### WORK REQUEST:
Please take the entries below from the first line through the line containing "Bronzen Beeld Van Een Leeuw thumbnail 2" and repeat them exactly, leaving out everything after.
(DATA TO EXAMINE)
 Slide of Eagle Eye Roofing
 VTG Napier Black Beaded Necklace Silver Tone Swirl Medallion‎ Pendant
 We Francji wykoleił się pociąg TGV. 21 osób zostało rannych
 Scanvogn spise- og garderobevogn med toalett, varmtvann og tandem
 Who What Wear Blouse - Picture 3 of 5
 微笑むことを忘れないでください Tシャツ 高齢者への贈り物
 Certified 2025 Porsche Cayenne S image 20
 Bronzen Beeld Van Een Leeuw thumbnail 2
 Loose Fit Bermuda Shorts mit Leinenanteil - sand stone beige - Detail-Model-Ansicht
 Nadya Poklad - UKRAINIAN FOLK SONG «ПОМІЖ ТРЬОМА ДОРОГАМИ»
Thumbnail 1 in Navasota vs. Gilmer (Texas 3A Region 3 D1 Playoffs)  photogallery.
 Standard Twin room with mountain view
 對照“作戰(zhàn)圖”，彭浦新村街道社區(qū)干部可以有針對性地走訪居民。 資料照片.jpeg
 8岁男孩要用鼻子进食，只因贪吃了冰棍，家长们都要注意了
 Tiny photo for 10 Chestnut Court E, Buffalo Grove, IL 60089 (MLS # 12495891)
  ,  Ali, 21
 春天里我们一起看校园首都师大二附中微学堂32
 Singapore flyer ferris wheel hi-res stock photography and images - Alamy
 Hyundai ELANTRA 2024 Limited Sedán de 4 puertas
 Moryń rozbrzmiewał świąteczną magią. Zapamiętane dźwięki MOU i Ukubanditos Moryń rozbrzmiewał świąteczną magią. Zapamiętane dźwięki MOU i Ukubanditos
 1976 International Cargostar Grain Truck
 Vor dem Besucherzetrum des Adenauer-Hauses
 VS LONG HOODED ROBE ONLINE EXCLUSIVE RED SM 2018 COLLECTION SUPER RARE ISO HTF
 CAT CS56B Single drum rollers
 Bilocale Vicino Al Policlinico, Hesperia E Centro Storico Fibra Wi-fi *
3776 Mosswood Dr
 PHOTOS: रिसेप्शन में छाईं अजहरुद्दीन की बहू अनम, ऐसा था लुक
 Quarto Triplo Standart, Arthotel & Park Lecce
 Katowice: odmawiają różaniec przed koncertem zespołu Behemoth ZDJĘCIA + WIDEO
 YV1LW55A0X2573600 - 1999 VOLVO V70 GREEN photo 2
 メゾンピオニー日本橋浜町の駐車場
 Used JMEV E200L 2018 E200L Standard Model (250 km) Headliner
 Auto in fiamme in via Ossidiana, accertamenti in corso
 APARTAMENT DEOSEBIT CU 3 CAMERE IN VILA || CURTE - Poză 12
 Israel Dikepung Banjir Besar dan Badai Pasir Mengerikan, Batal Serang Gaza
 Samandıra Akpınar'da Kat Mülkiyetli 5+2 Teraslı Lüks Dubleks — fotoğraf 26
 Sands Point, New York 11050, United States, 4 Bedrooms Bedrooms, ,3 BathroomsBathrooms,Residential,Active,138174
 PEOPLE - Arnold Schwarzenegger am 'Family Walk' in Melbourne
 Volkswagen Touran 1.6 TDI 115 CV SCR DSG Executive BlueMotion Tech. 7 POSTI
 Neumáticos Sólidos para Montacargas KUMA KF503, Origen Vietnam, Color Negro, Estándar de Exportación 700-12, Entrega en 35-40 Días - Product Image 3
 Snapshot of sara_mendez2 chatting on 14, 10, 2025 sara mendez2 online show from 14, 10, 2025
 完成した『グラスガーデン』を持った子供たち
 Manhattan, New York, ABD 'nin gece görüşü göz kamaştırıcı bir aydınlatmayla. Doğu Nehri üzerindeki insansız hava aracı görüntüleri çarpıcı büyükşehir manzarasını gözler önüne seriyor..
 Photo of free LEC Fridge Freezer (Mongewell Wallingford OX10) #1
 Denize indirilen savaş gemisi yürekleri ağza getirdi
(End DATA TO EXAMINE)
### RESPONSE FOR THIS EXERCISE:
 Slide of Eagle Eye Roofing
 VTG Napier Black Beaded Necklace Silver Tone Swirl Medallion‎ Pendant
 We Francji wykoleił się pociąg TGV. 21 osób zostało rannych
 Scanvogn spise- og garderobevogn med toalett, varmtvann og tandem
 Who What Wear Blouse - Picture 3 of 5
 微笑むことを忘れないでください Tシャツ 高齢者への贈り物
 Certified 2025 Porsche Cayenne S image 20
 Bronzen Beeld Van Een Leeuw thumbnail 2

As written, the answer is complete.